Exercise objective:
Each entry should be copied as it stands, leaving the pictures behind.

(Pictures with short captions)
[Start of section]

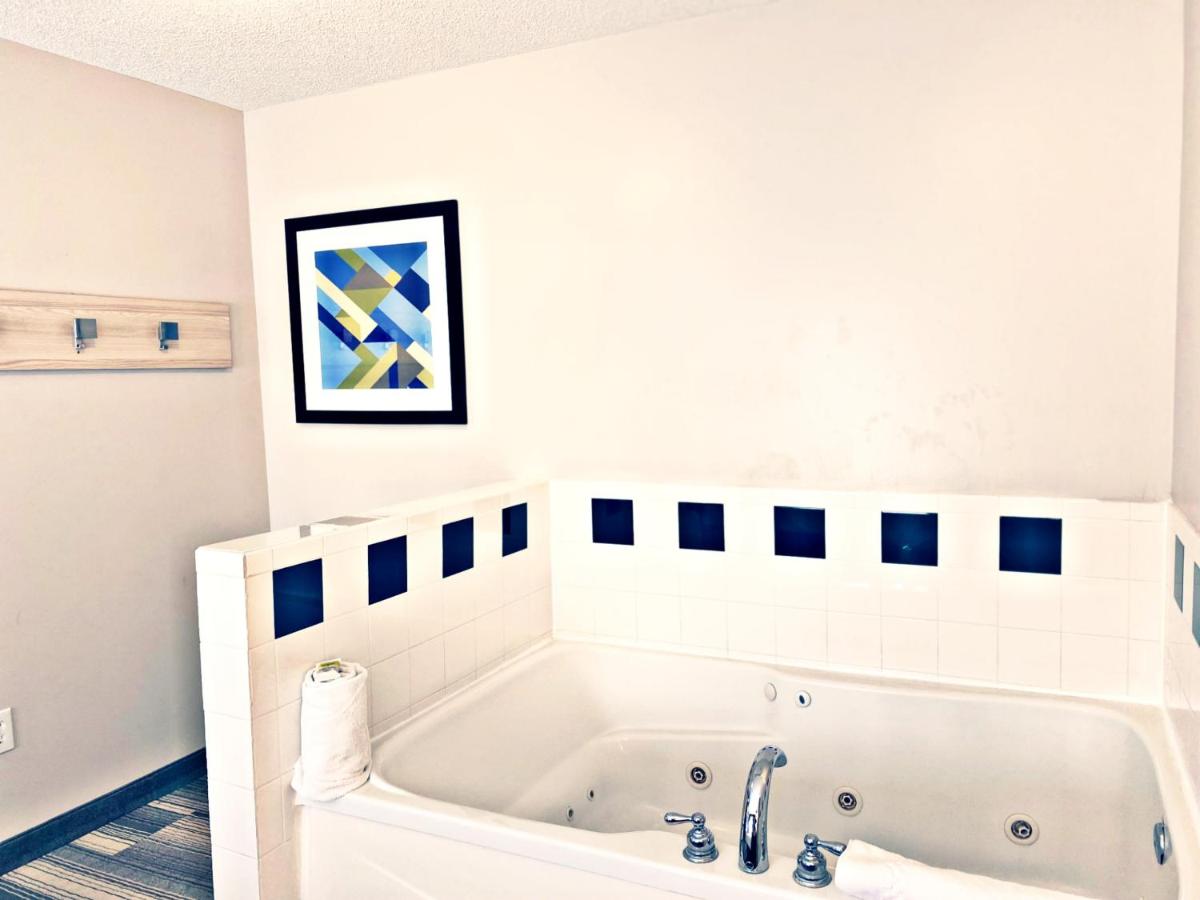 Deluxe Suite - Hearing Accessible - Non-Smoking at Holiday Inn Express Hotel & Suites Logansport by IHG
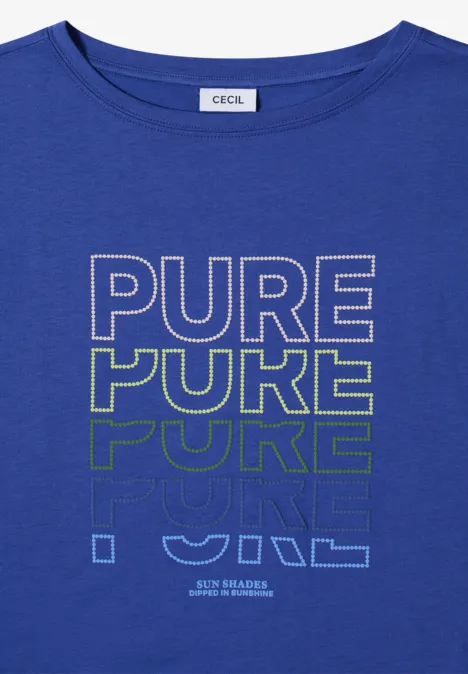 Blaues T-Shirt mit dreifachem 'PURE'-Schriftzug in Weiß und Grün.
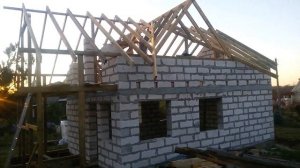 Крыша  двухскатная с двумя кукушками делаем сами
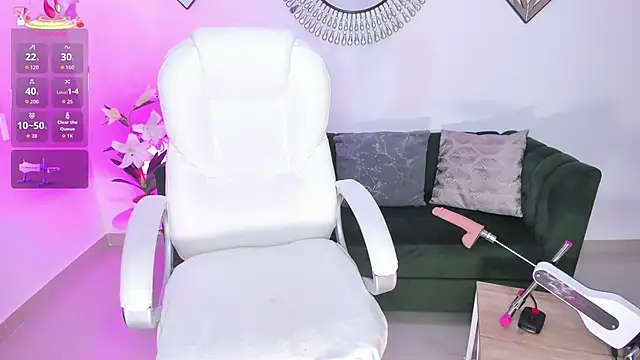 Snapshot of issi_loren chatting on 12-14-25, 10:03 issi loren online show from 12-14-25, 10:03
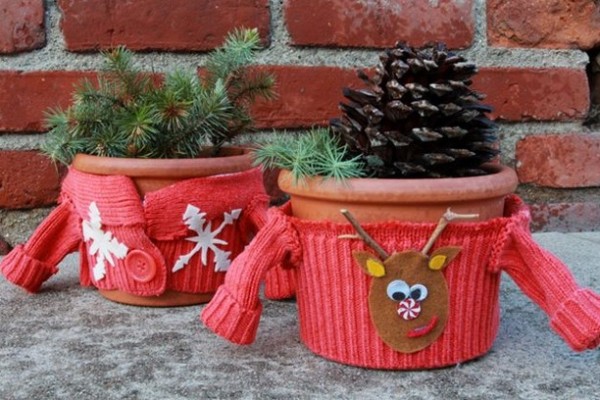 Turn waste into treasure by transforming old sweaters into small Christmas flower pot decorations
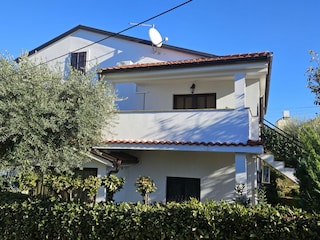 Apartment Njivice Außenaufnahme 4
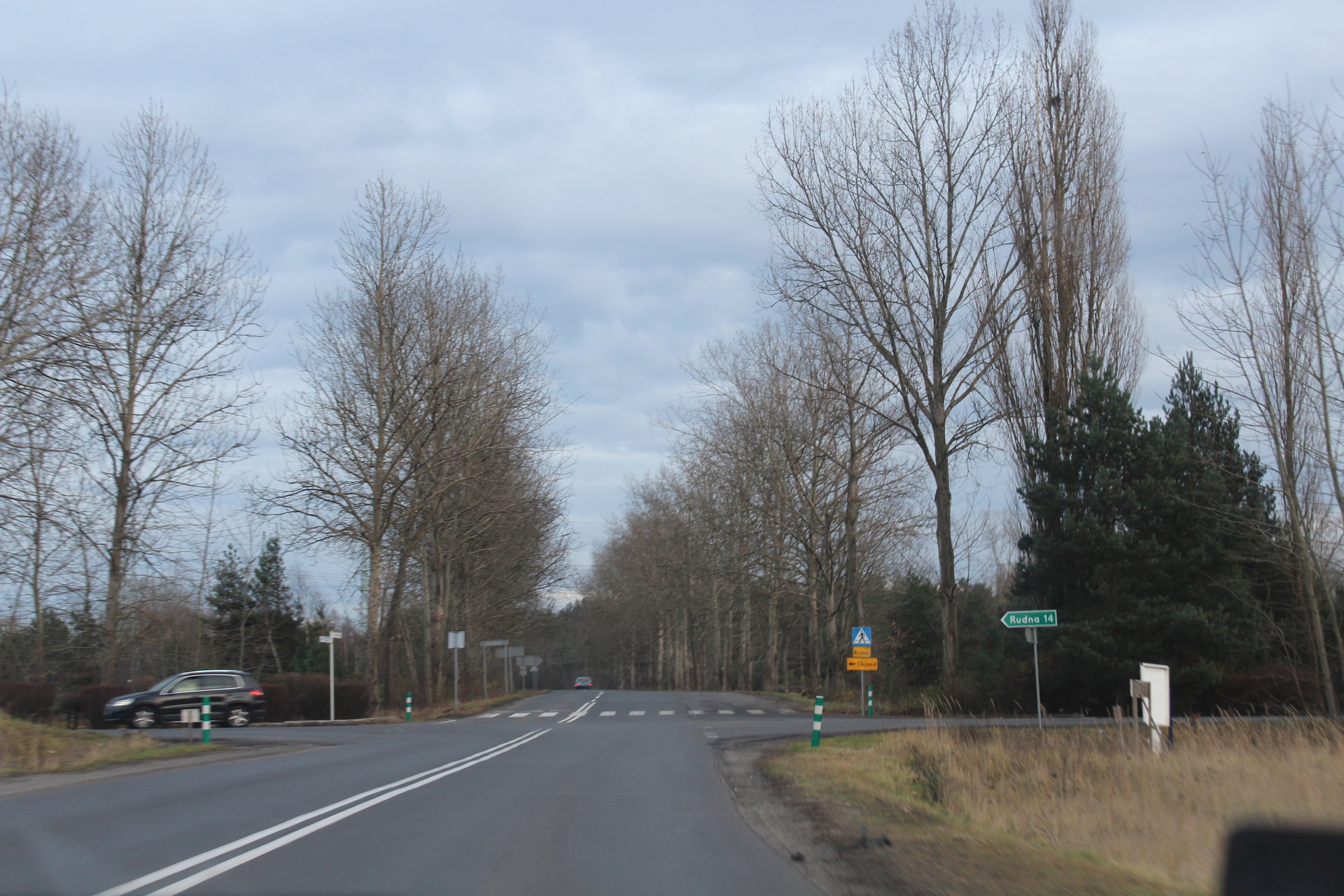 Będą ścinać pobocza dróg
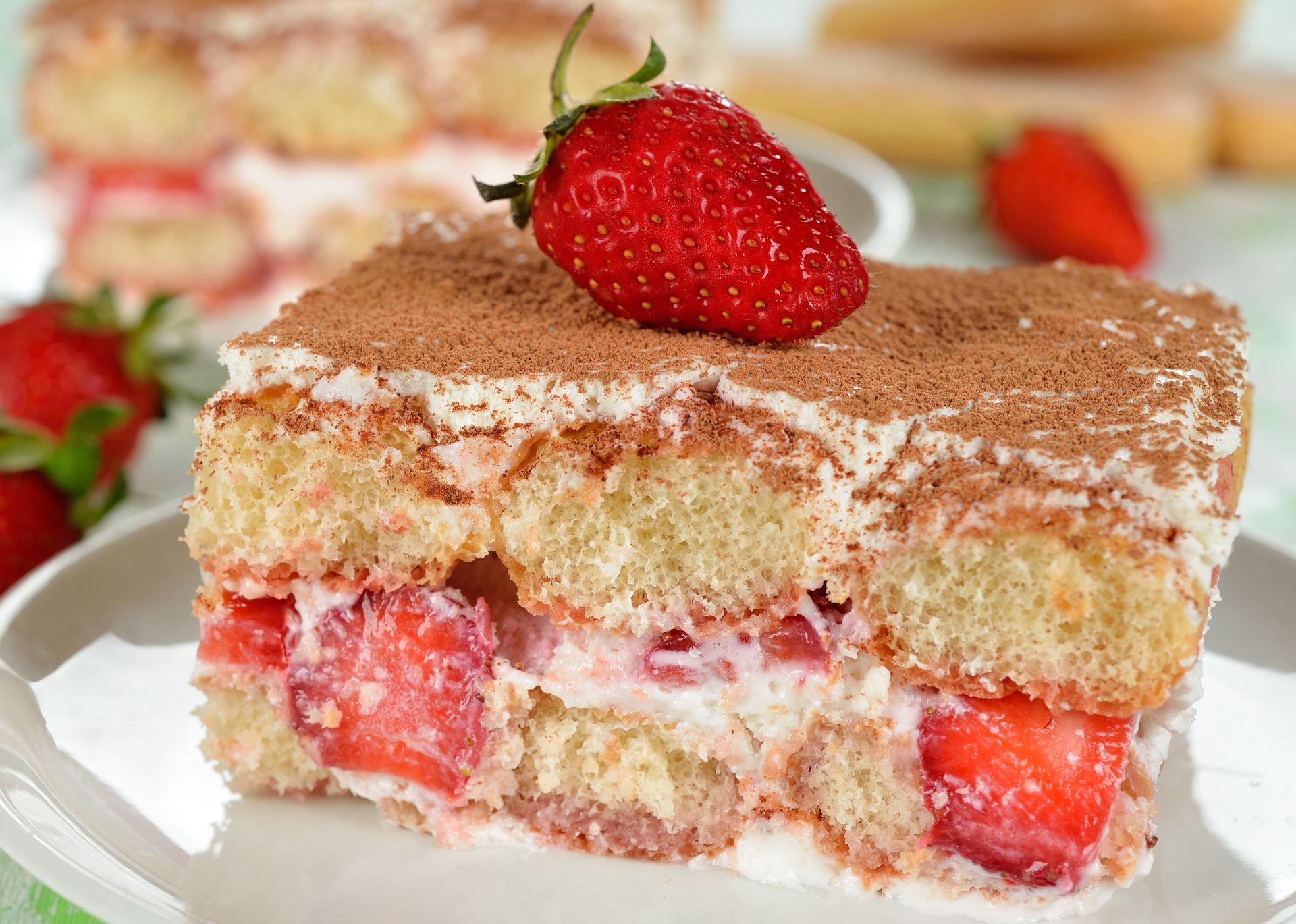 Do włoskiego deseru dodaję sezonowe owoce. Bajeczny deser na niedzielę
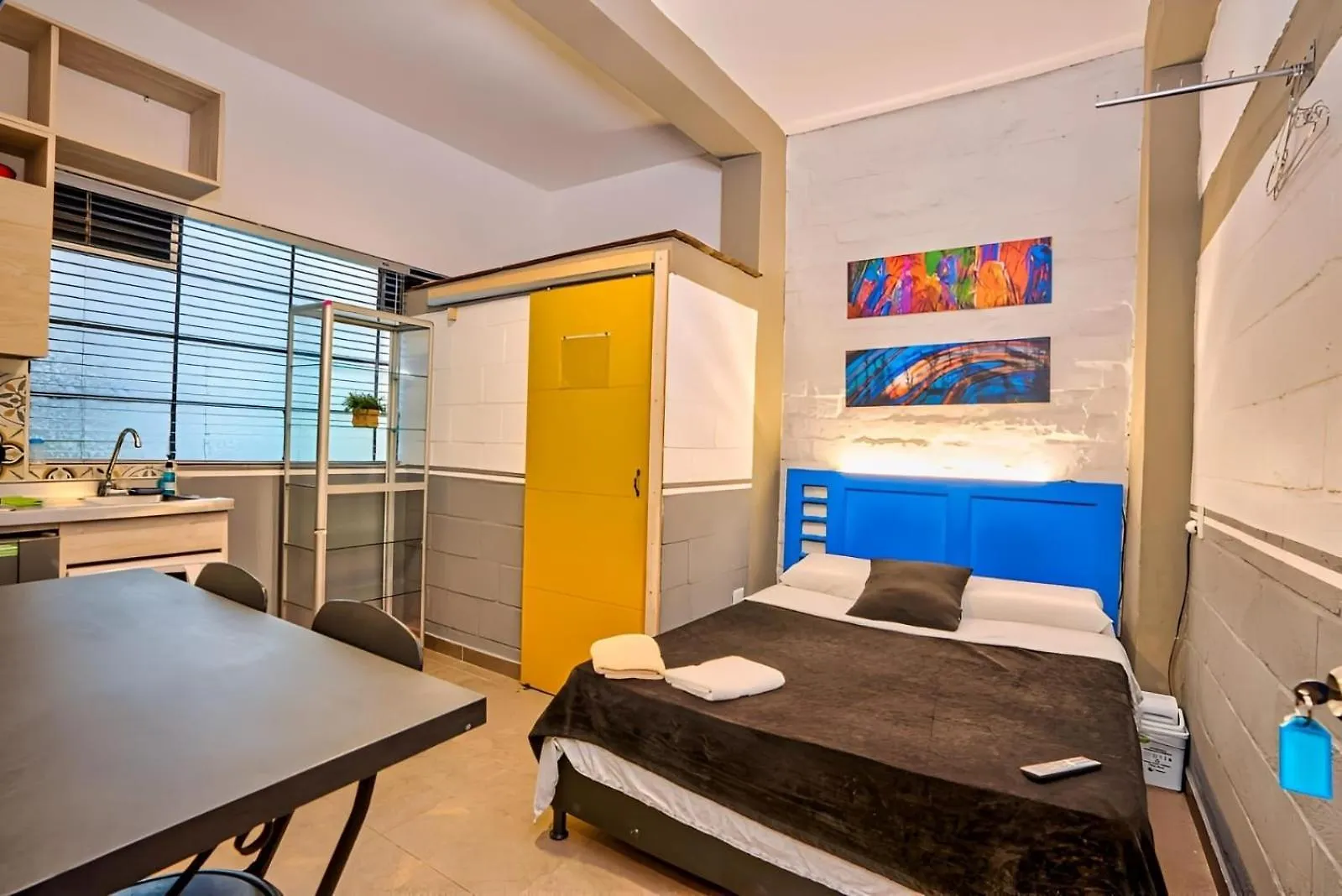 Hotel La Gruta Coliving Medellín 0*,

[End of section]

Written solution:
 Deluxe Suite - Hearing Accessible - Non-Smoking at Holiday Inn Express Hotel & Suites Logansport by IHG
 Blaues T-Shirt mit dreifachem 'PURE'-Schriftzug in Weiß und Grün.
 Крыша  двухскатная с двумя кукушками делаем сами
 Snapshot of issi_loren chatting on 12-14-25, 10:03 issi loren online show from 12-14-25, 10:03
 Turn waste into treasure by transforming old sweaters into small Christmas flower pot decorations
 Apartment Njivice Außenaufnahme 4
 Będą ścinać pobocza dróg
 Do włoskiego deseru dodaję sezonowe owoce. Bajeczny deser na niedzielę
 Hotel La Gruta Coliving Medellín 0*,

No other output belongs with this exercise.